Calibrated Uncertainty for Fine-tuned Scientific Foundation Models via Stochastic Attention

  • Yadav, Akash (University of Houston)
  • Adebiyi, Taiwo (University of Houston)
  • Zhang, Ruda (University of Houston)

Please login to view abstract download link

Scientific foundation models (SciFMs) are increasingly used for predictive modeling of complex systems, but their deployment is hindered by the lack of practical uncertainty quantification (UQ) and error characterization. A key challenge is that UQ approaches developed for traditional computational models do not directly transfer to large transformer-based models, where their black-box nature and potential distribution shifts pose significant hurdles.
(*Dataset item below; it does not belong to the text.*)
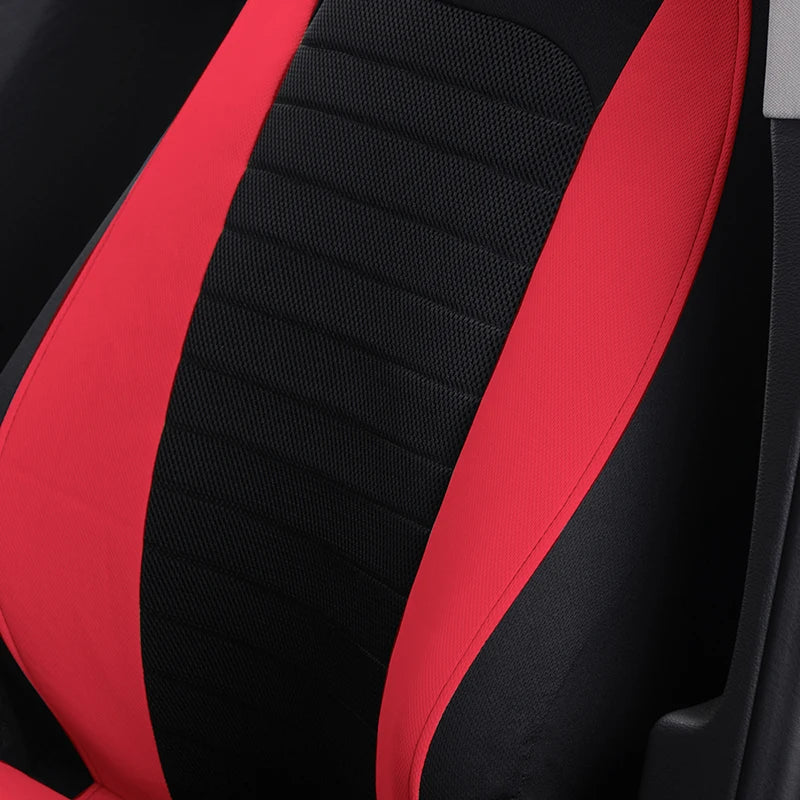 Close-up of the black and red ribbed mesh fabric texture on a front bucket seat cover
We introduce stochastic attention, a lightweight mechanism that injects controlled randomness into attention layers of transformer-based SciFMs through a single scalar hyperparameter. This induces a distribution over predictions and yields a scalable and efficient procedure for post-hoc UQ. The hyperparameter is tuned via an efficient univariate objective function to achieve well-calibrated and sharp predictive uncertainty. Our approach operates entirely at inference time, requires no retraining, and adds negligible runtime and storage overhead, making it practical for large-scale foundation models. We demonstrate our method on SciFMs for Earth system prediction, characterizing post–fine-tuning model error. We compare against probabilistic fine-tuning baselines, including non-Bayesian and approximate Bayesian methods. Results indicate that stochastic attention delivers well-calibrated, sharp uncertainty estimates and maintains competitive point forecast accuracy with minimal added complexity.